Outre les faiblesses structurelles détaillées ci-dessus, les tensions politiques entre les États-Unis et la Turquie se sont intensifiées ces dernières semaines. En sus des précédentes sources de mécontentement politique, la détention du pasteur américain Brunson a également joué un rôle. Son hypothétique libération serait un succès majeur pour le Président Trump, mais le Président Erdogan n’est pas d’accord. Ces tensions ont conduit les États-Unis à imposer des sanctions économiques et à doubler les droits de douanes sur l'acier et l'aluminium la semaine dernière. Le discours du Président turc vendredi dernier, dénué de plans concrets pour stabiliser la devise, a également exacerbé le mouvement de vente.

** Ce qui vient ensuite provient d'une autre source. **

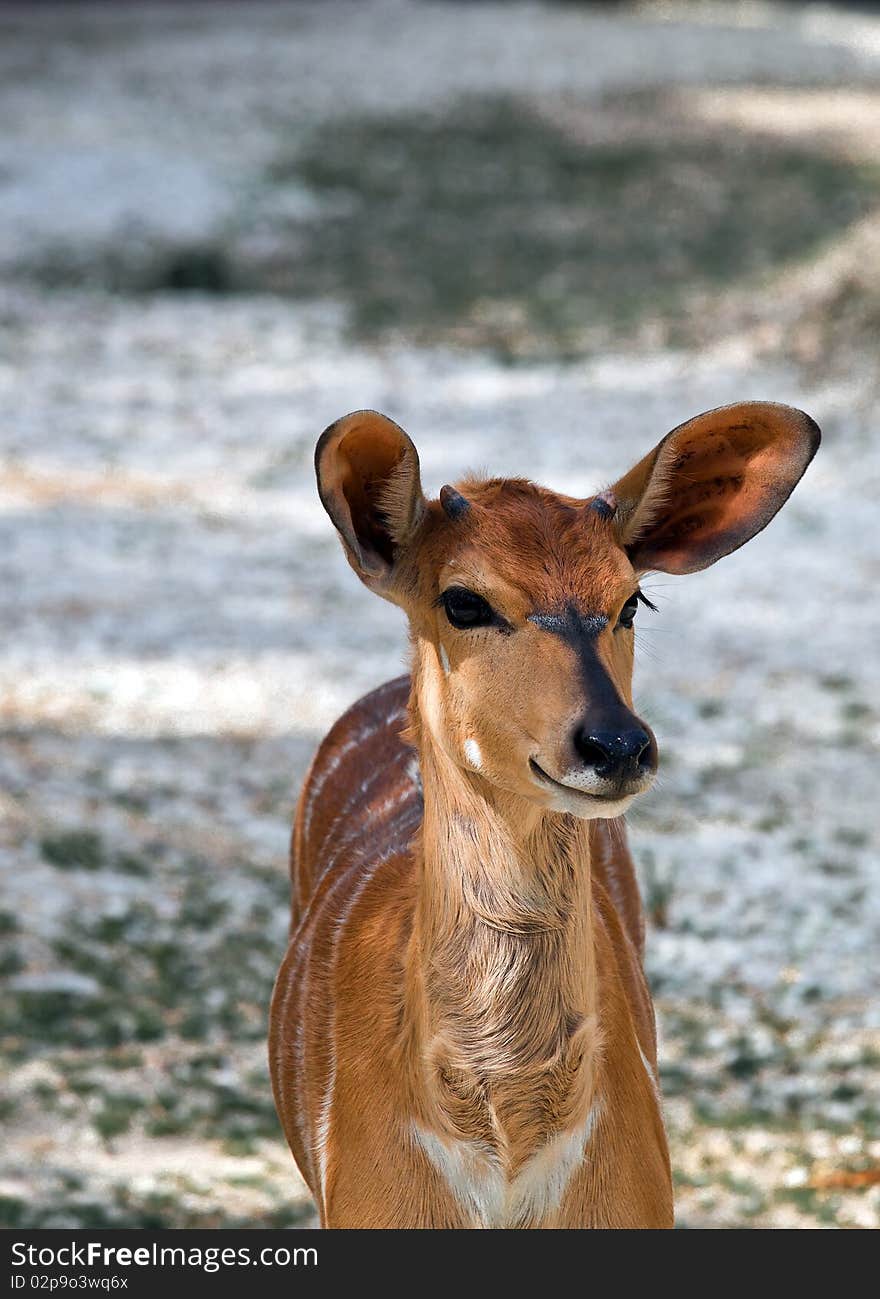 A young deer with ears listen to the danger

Les investisseurs sont préoccupés par les risques de contagion auxquels certaines banques européennes sont exposées du fait de leur détention de dette turque en devise étrangère. Ajoutons à cela que le Financial Times a publié un article sur la vulnérabilité des banques de l'Union Européenne à la Turquie, ce qui alimente de nouvelles inquiétudes. La contagion s'est limitée principalement à l’Afrique du Sud et l'Argentine pour le moment.

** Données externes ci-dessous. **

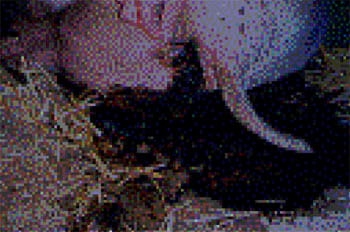 Porcine Intestinal Adenomatosus (Pig Ileitis) - Image 6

À quoi peut-on s'attendre ?
Une hausse importante des taux d'intérêt en cas d'urgence, l'établissement d'un partenariat stratégique avec les États-Unis, un plan de sauvetage du FMI et des contrôles des capitaux sont les principales options possibles pour les décideurs turcs afin d’éviter une crise majeure. À ce stade, le Président semble peu enclin à utiliser ces options. L'austérité budgétaire et des réformes budgétaires (sans intervention du FMI) pourraient être un autre moyen de venir à bout du double déficit, mais constituerait un défi politique. Une autre option pourrait être une « approche attentiste », c'est-à-dire laisser la monnaie procéder à tous les ajustements. Le risque est que cela pourrait conduire à une hausse de l'inflation, à de possibles défauts de paiement sur les obligations d'entreprises et à une récession.

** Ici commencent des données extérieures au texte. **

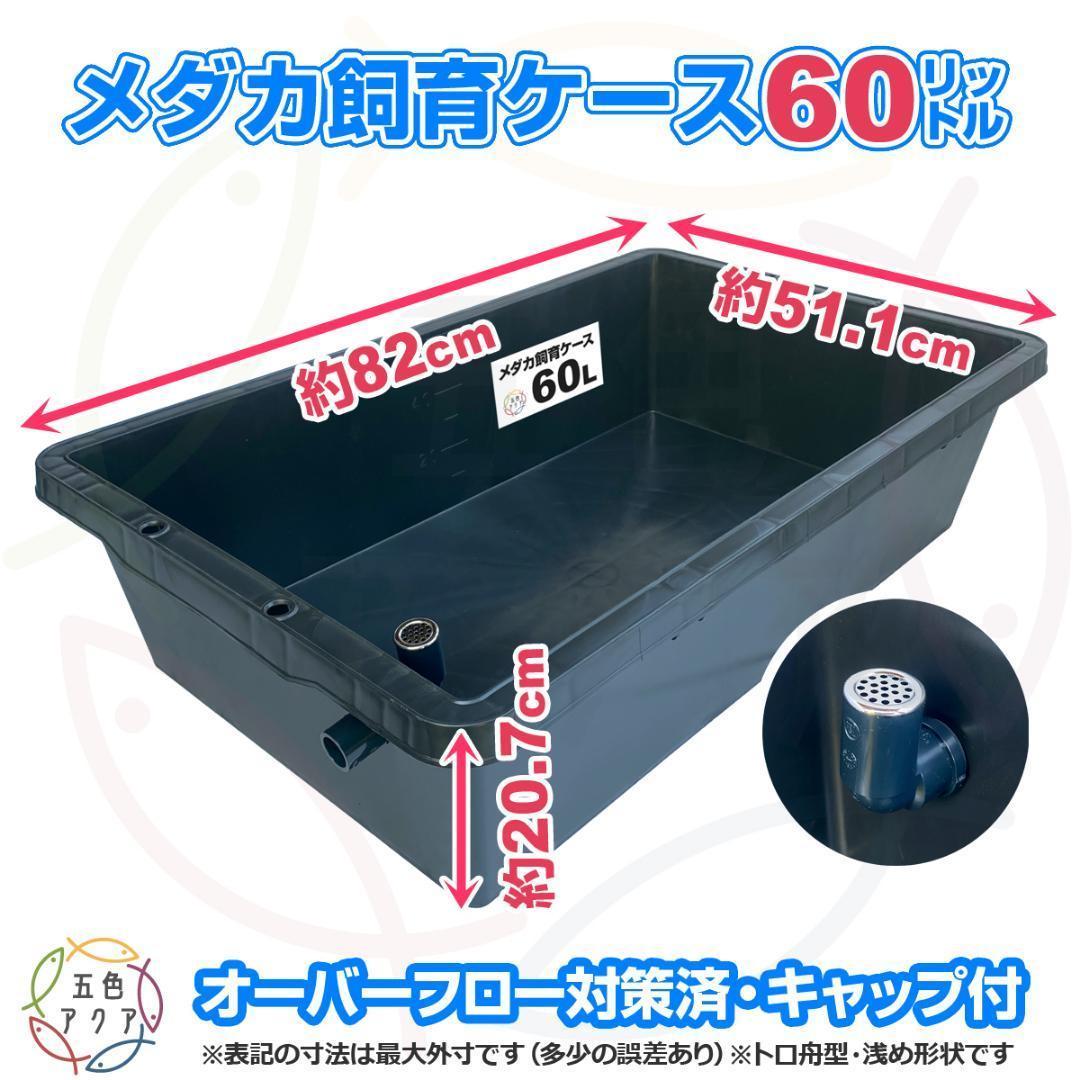 メダカ飼育ケース 60㍑トロ舟x4個 オーバーフロー 金魚飼育容器 ビオトープ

Résumé du point de vue de la stratégie d’investissement
Etant donné que la situation en Turquie est encore très incertaine, les marchés devraient rester volatils à court terme. La probabilité que le gouvernement intervienne a augmenté à court terme. À ce stade, nous estimons que le risque de contagion est faible. Les principaux canaux de contagion seraient probablement les marchés obligataires émergents ainsi que les banques. En effet, les obligations turques représentent environ 12 % des obligations en devise forte des marchés émergents et près de 7 % des obligations des marchés émergents libellées en devise locale (basé sur les indices JP Morgan). Etant donné qu’une part croissante des obligations d'entreprises a été émise en dollars et en euros, le risque de défaut a augmenté et ceci suggère une augmentation des créances douteuses. Même si nous partons d'un niveau de créances douteuses faible, une augmentation pourrait peser sur les banques turques et également sur certaines banques européennes, qui ont des participations dans des institutions financières locales. Nous conservons une vue positive sur les marchés actions globalement. Les marchés développés sont soutenus par un contexte macroéconomique favorable et des résultats d’entreprises solides. Les valorisations restent attractives, notamment dans la zone euro et au Japon, qui sont nos marchés développés préférés. Au sein des marchés émergents, nous restons positifs sur l'Asie et l'Europe de l‘Est (ex. Russie). La saisonnalité laisse toutefois entrevoir des rendements médiocres au cours de l'été. Les tensions commerciales devraient également contribuer à cette hausse de la volatilité. L'euro a baissé face au dollar et le support autour de 1,155 a été cassé. On peut s'attendre à un rebond après ce mouvement brusque. Nos prévisions sont en cours de révision, même si nous anticipons toujours un dollar plus faible au cours des 12 prochains mois.